Gérard apareció colgado en la luz medio ciega del alba, con su sombrero puesto, los pies —calzados con zapatos de charol— encogidos para no tocar tierra. Una piedra se encontraba un poco más allá, revelando con qué precisión cometió su suicidio, y cómo se subió al taburete final para colgarse, y cómo le dio un puntapié para que no le pudiese servir de salvamento después.
     Hacia las seis de la mañana, una lechera, acompañada de un borracho, fueron los que primero descubrieron el cadáver. El hombre, de mirar turbio, saludó al caballero.
     —Pero ¿no ve usted que es un ahorcado? —le dijo la lechera.

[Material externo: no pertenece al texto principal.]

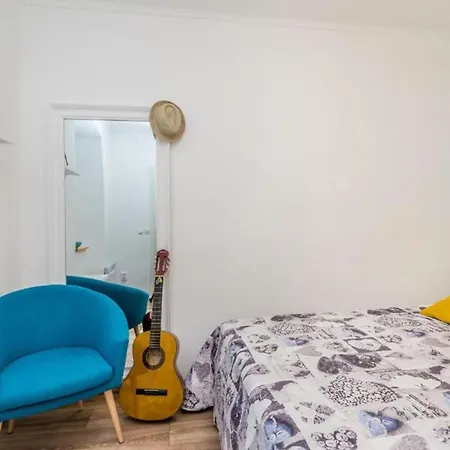 Sabo - Two Bedroom Near Centar Rijeka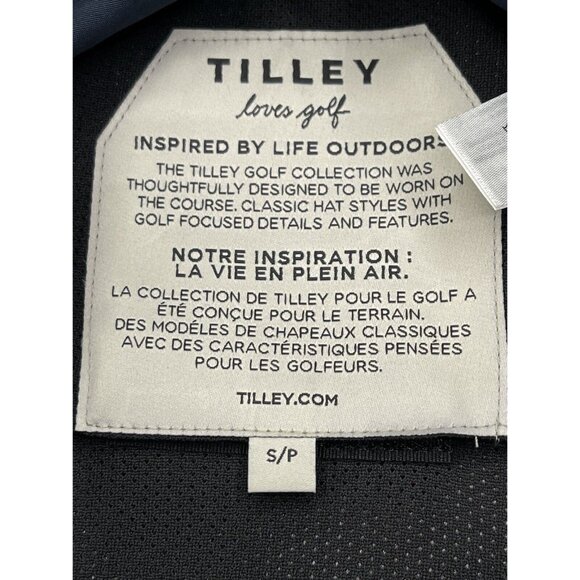 Tilley Navy Blue Women\'s Bucket Hat main image 10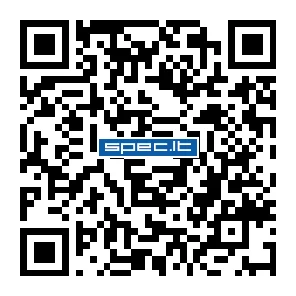 QR kodas | Kazlų Rūdos Rimvydo Žigaičio menų mokykla | spec.lt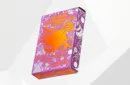 The Hitchhiker's Guide to The Galaxy- The Infinite Improbability Deck (Don't Panic Purple) – Image 6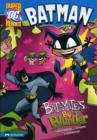 Image for Bat-Mite&#39;s Big Blunder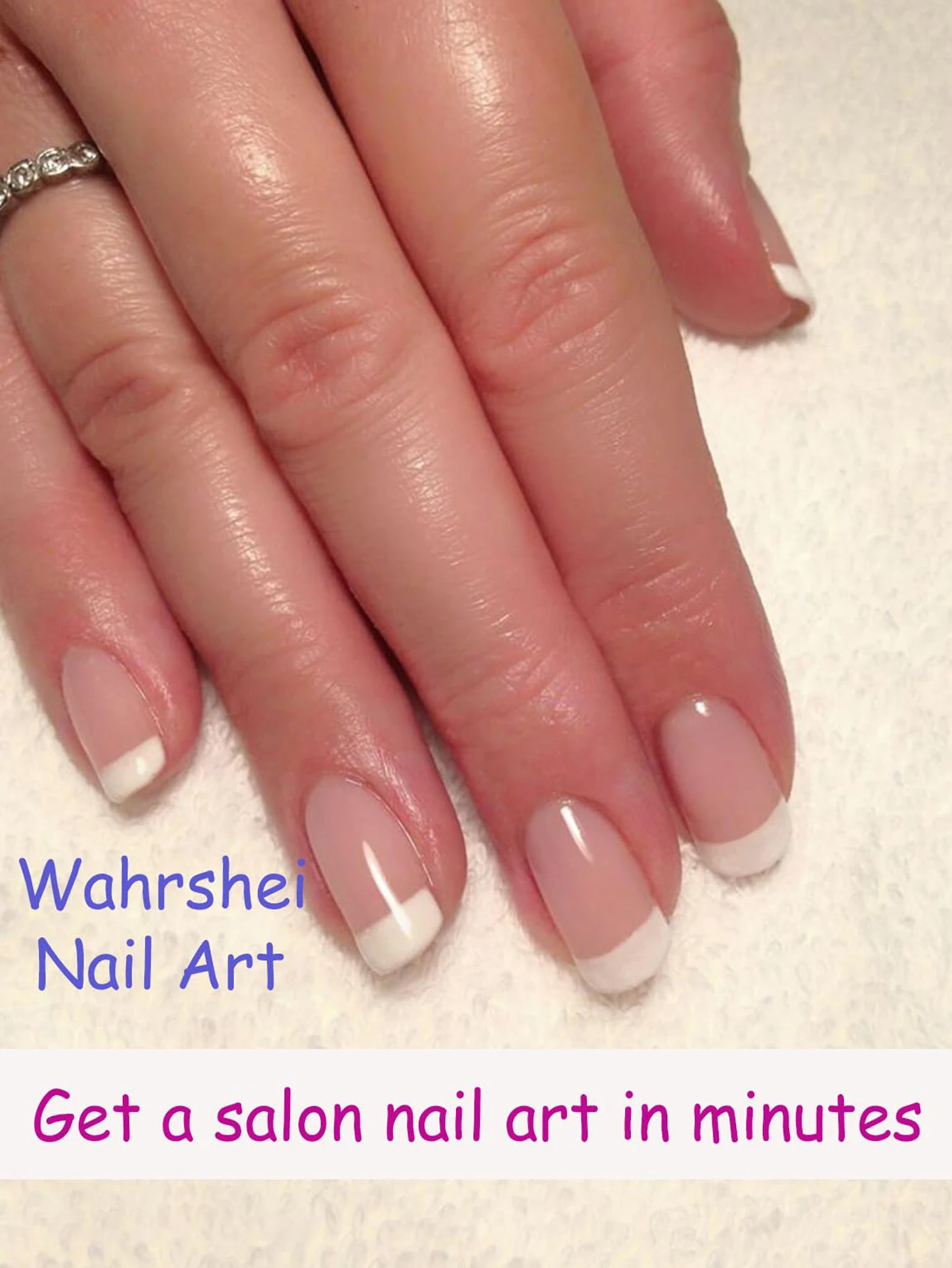 

20 fingers Semi-Cured Gel Nail Sticker UV/LED Lamp Gel Nail Polish Wraps Long-Lasting Full Cover Gel Sticker Nail Decor##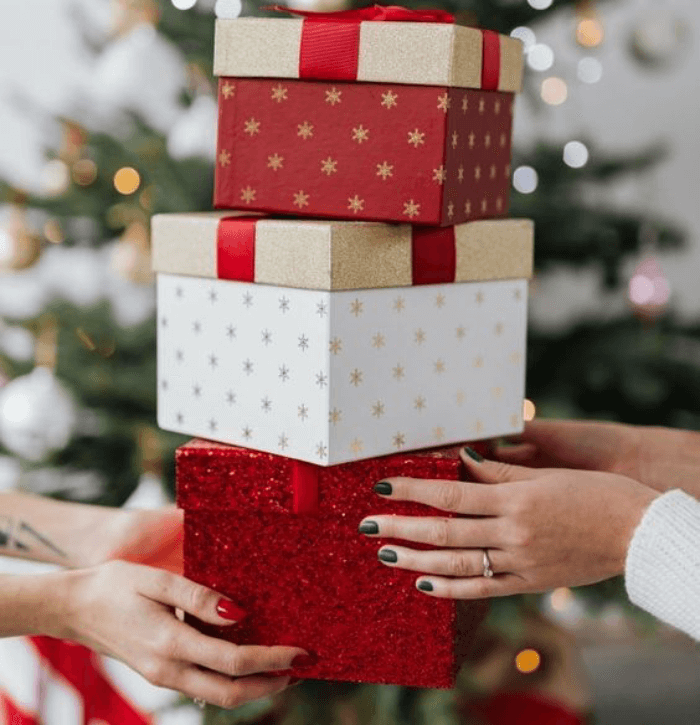 Quand Offrir Un Cadeau Pour Couple d’Amis ?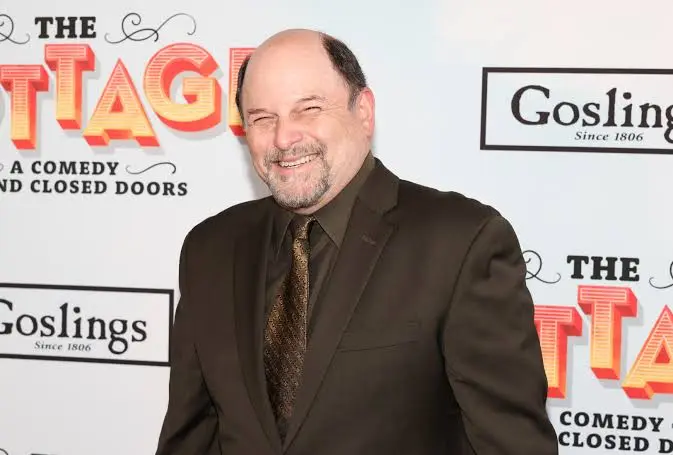Jason Alexander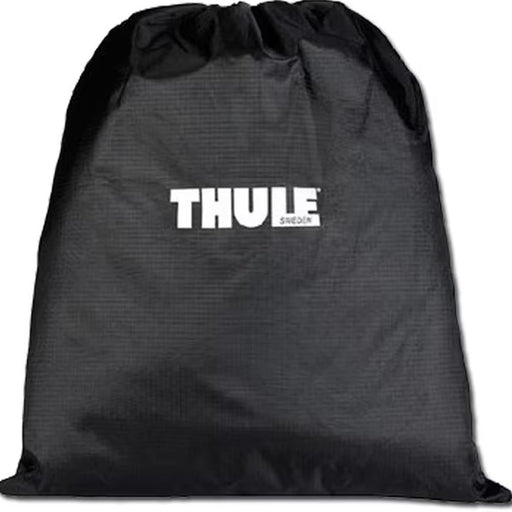 Thule 307335 2 / 3 Bike Bicycle Cover, Black for Motorhome / Campervan Thule - Bars 4 Cars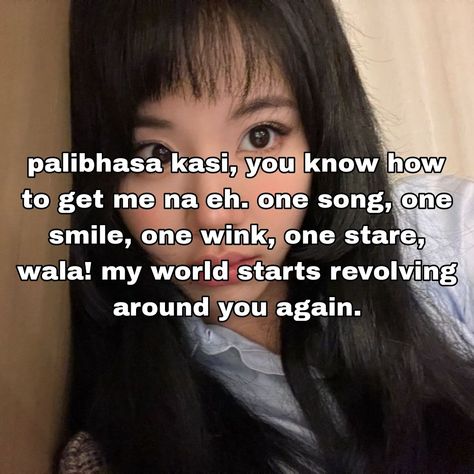 Palibhasa Kase Meme, Palibhasa Kase You Know How To Get Me Eh, Ouch Meme, Last Chat, Funny Text Pictures, Pick Up Line Jokes, Tagalog Quotes Hugot Funny, Funny Quotes Tumblr, Filo Memes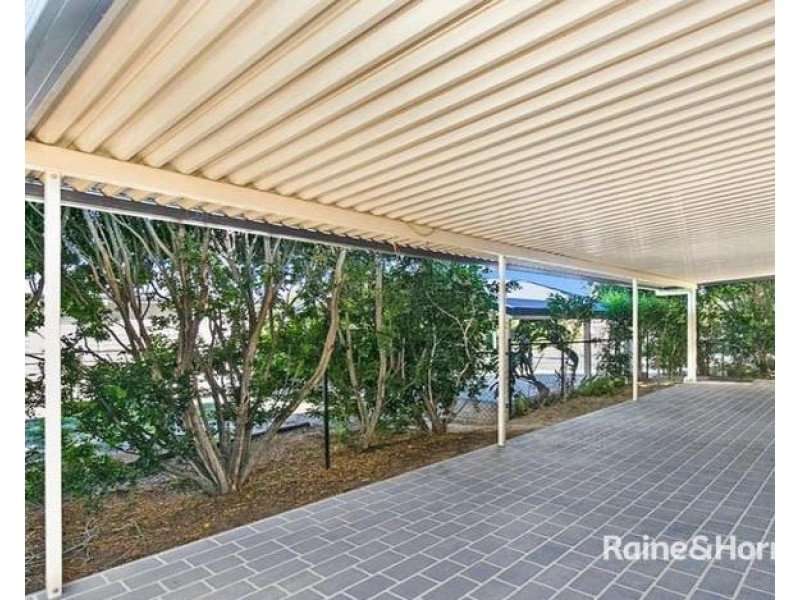 1 CLEAVUE STREET, Geebung QLD 4034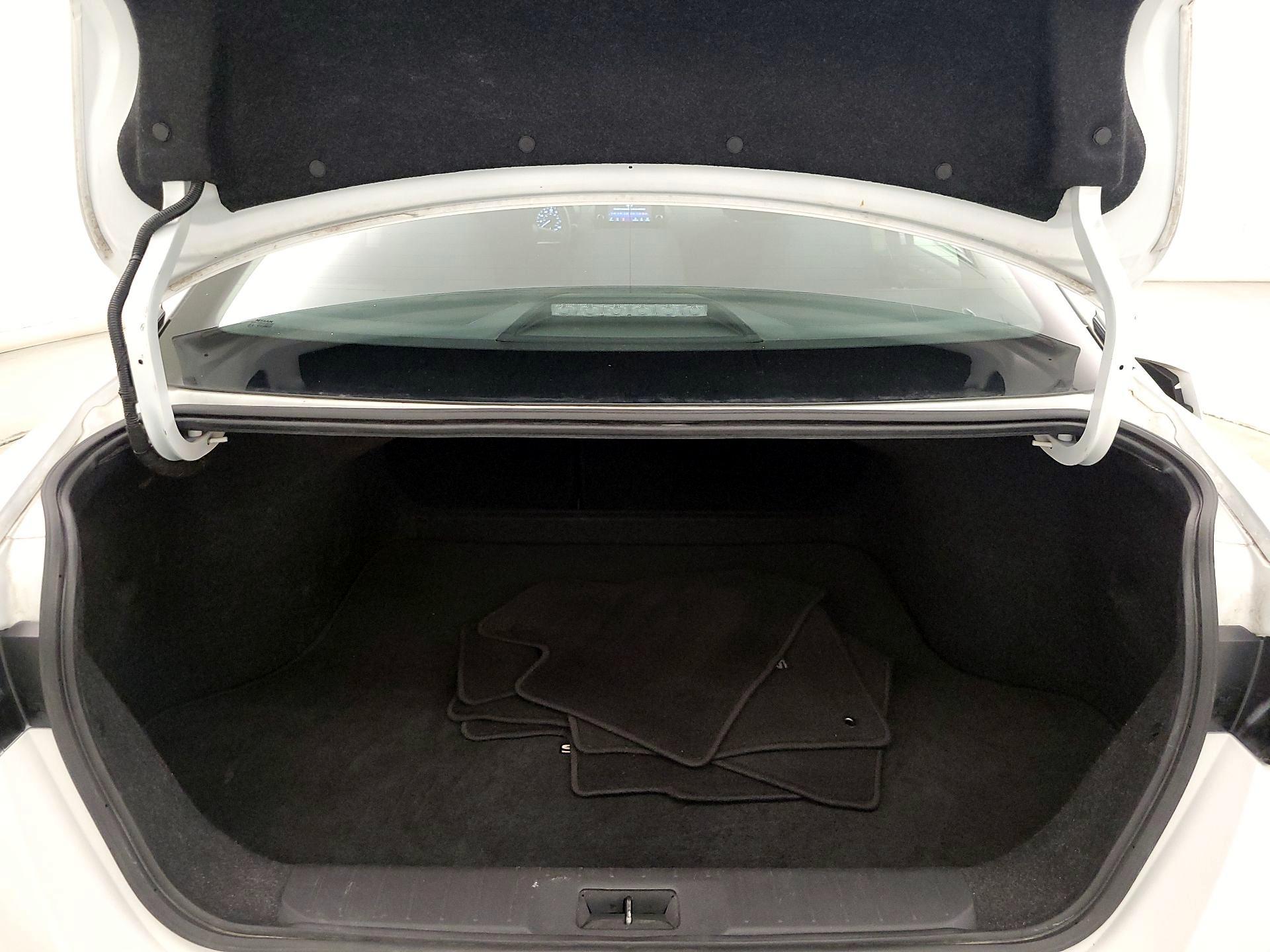 Thumbnail: 2021 Nissan Sentra - 20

     —Nadie se ahorca con el sombrero puesto —replicó el borracho.
     —¿Y por qué no, con el frío que hace? —insistió la lechera.

Dos pájaros de mal agüero son, para Gómez de la Serna, la cifra del destino de Nerval. El primero, señal algo absurda de que va a entrar en la locura, es un reloj de cuco. Nerval lo mira y cada vez que sale el pájaro, cree que es su abuelo quien le está hablando. El segundo es un cuervo enjaulado que cuelga sobre la escalinata de la muerte en la calle de la Vieja Linterna. Gérard aseguraba que había pertenecido a la reina de Saba y lo iba a ver todos los días porque el cuervo siempre gritaba: “Tengo sed.” Florence Delay escoge sustituirlos por una golondrina, de acuerdo con el testimonio y el símil de Théophile Gautier: “Gérard entraba como una golondrina, cuando veía la ventana abierta, y daba dos o tres vueltas por la habitación.” Y como Florence Delay cree en el poder de la palabra, así concluye su libro:

En la habitación de Maurice B., en el campo, había entrado un pájaro. Oí un grito, pues los pájaros lo aterran, y subí para expulsar al intruso. En la habitación, dos de las ventanas ovaladas, una frente a otra, estaban abiertas, abrí la tercera, contra la cuarta chocaba un pájaro gris, de finas y largas alas, queriendo volver al aire libre. Era una golondrina. La toqué —primer pájaro que tocaba, increíblemente suave— para intentar alejarla mientras abría. Aterrada, cayó al suelo, dejando sobre el baldosín un excremento de emoción, y después salió recta hacia el otro lado, con tanta energía que si la ventana de enfrente no hubiera estado abierta, si en lugar del aire hubiera encontrado el ladrillo, se habría estrellado. Recogí el excremento todavía caliente. Había pasado una golondrina.